■ Work instruction
Only the pictures should be left out; repeat the rest of the data exactly.
===============
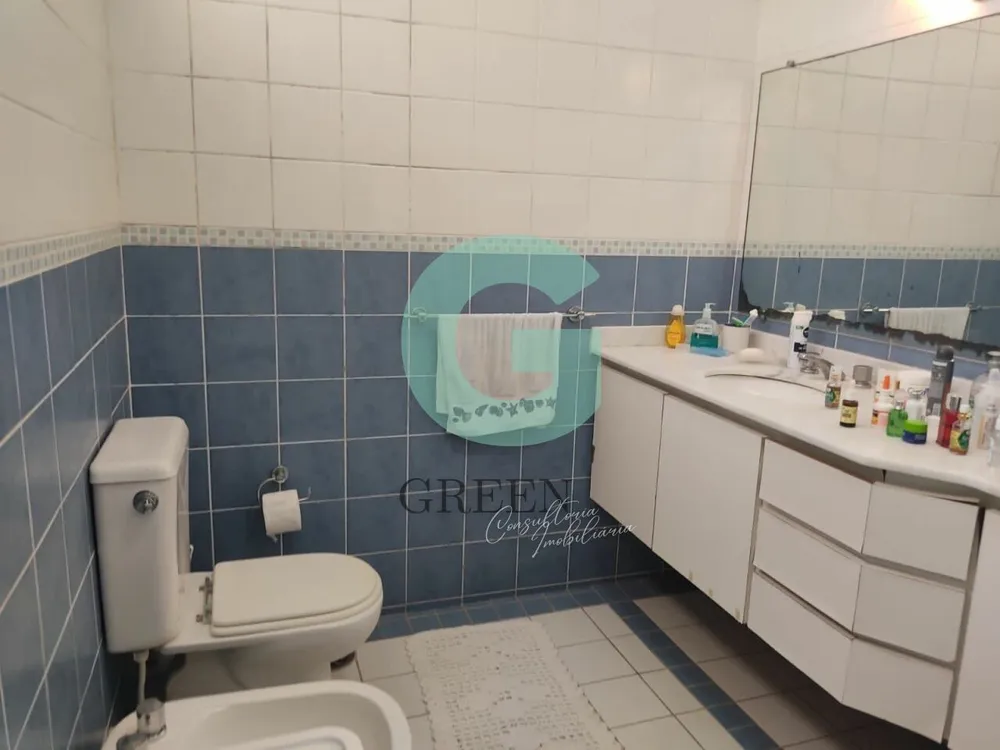 Casa, 4 quartos, 280 m² - Foto 28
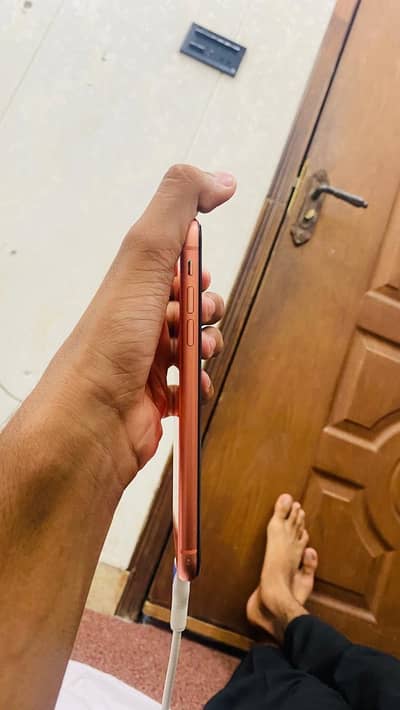 Apple iPhone XR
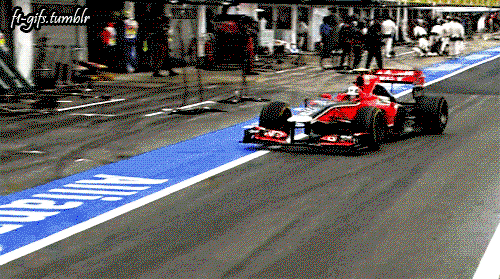 18 Hilarious F1 Gifs That'll Make You Laugh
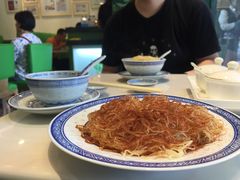 -香港麦奀云吞面世家(中山二路店)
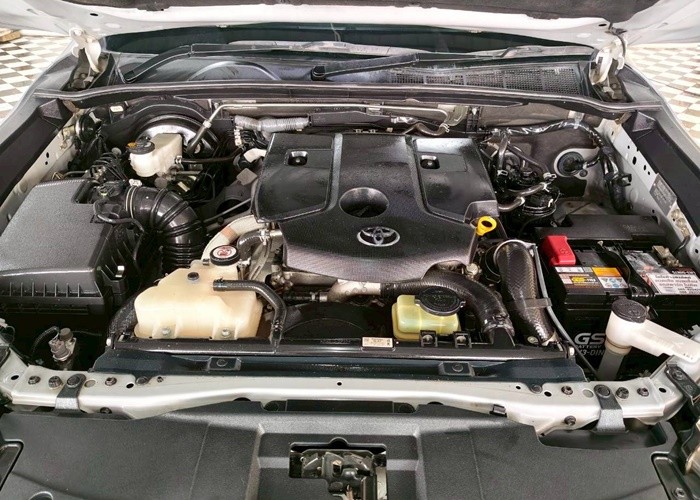 Used 3
                    TOYOTA
                     for Sale Image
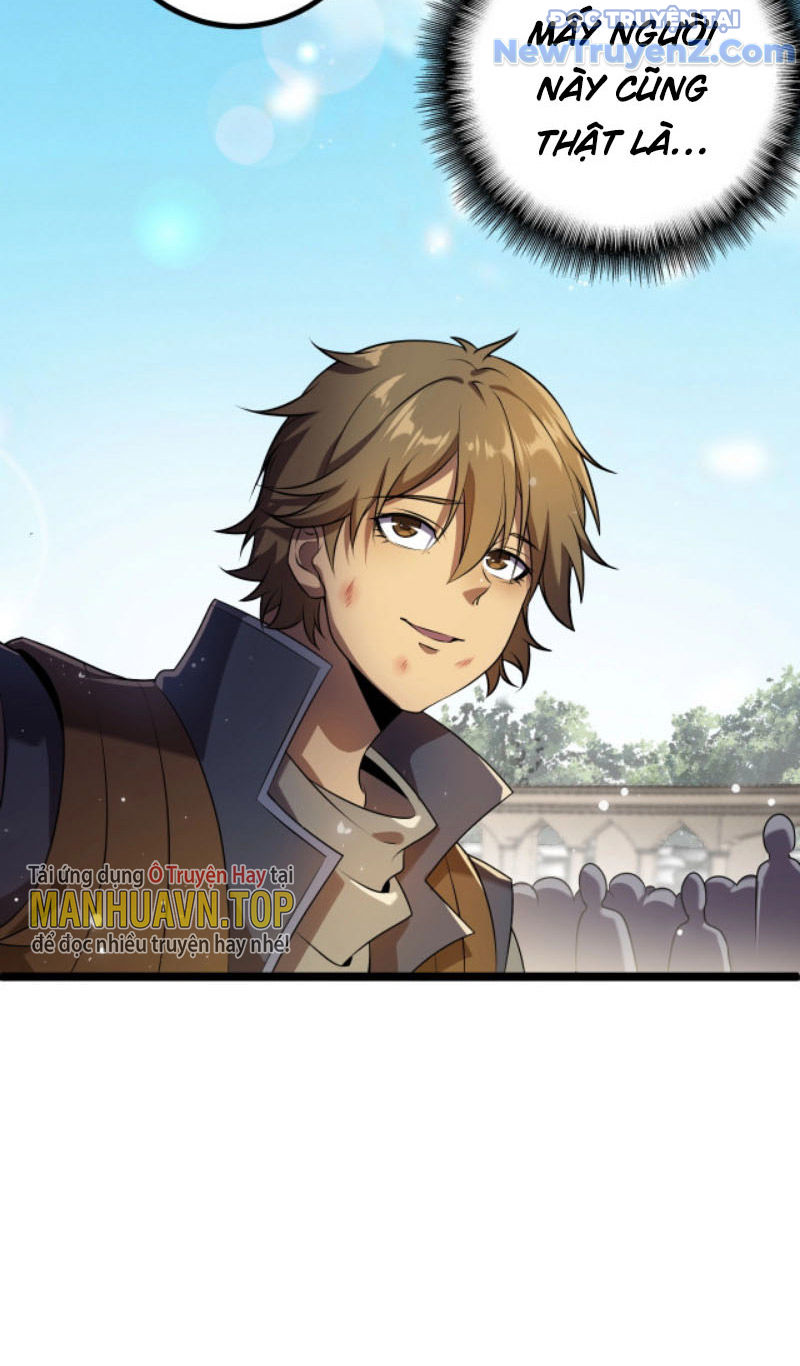Từ Thôn Phệ Ma Thần Bắt Đầu Tiến Hóa Chapter 6 - Trang 20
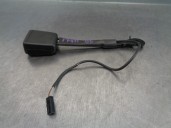 Recambio de enganche cinturon para skoda scala (nw) 1.0 tsi referencia OEM IAM 654857755MNB 2 PINES DEL IZQ ,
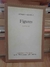 Figures: Essais - Autor: Gérard Genette (1966) [usado]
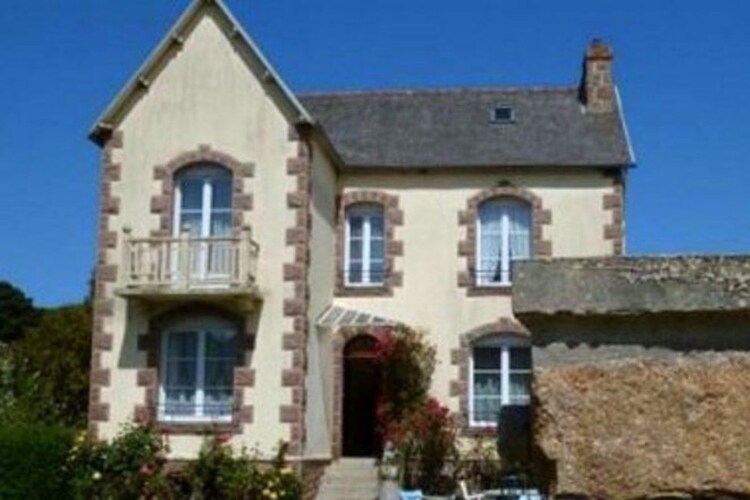 Holiday home Brittany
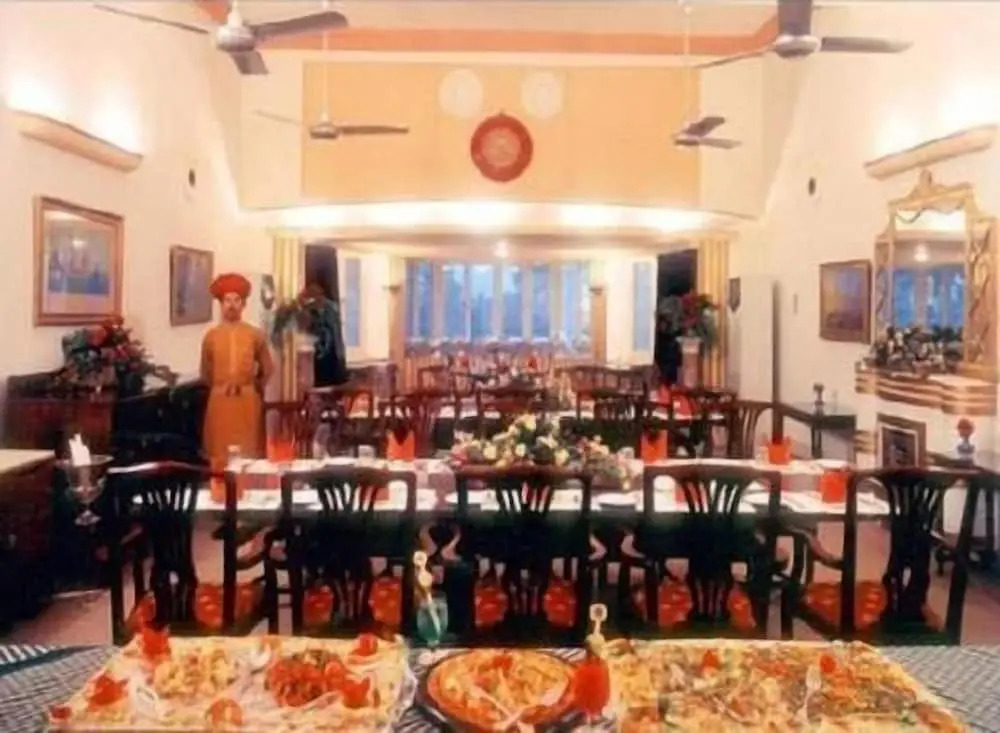Karni Bhawan Palace - Heritageby HRH Group of Hotels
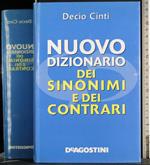 Nuovo dizionario dei sinonimi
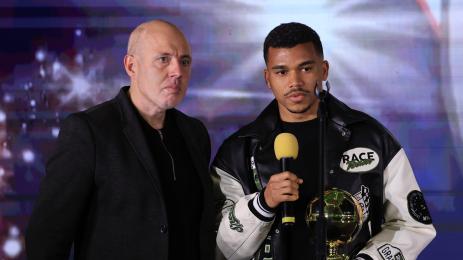 Левски - ЦСКА 2:2 при част от наградите за 2025 г.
===============
■ Answer section
 Casa, 4 quartos, 280 m² - Foto 28
 Apple iPhone XR
 18 Hilarious F1 Gifs That'll Make You Laugh
 -香港麦奀云吞面世家(中山二路店)
 Used 3
                    TOYOTA
                     for Sale Image
Từ Thôn Phệ Ma Thần Bắt Đầu Tiến Hóa Chapter 6 - Trang 20
 Recambio de enganche cinturon para skoda scala (nw) 1.0 tsi referencia OEM IAM 654857755MNB 2 PINES DEL IZQ ,
 Figures: Essais - Autor: Gérard Genette (1966) [usado]
 Holiday home Brittany
Karni Bhawan Palace - Heritageby HRH Group of Hotels
 Nuovo dizionario dei sinonimi
 Левски - ЦСКА 2:2 при част от наградите за 2025 г.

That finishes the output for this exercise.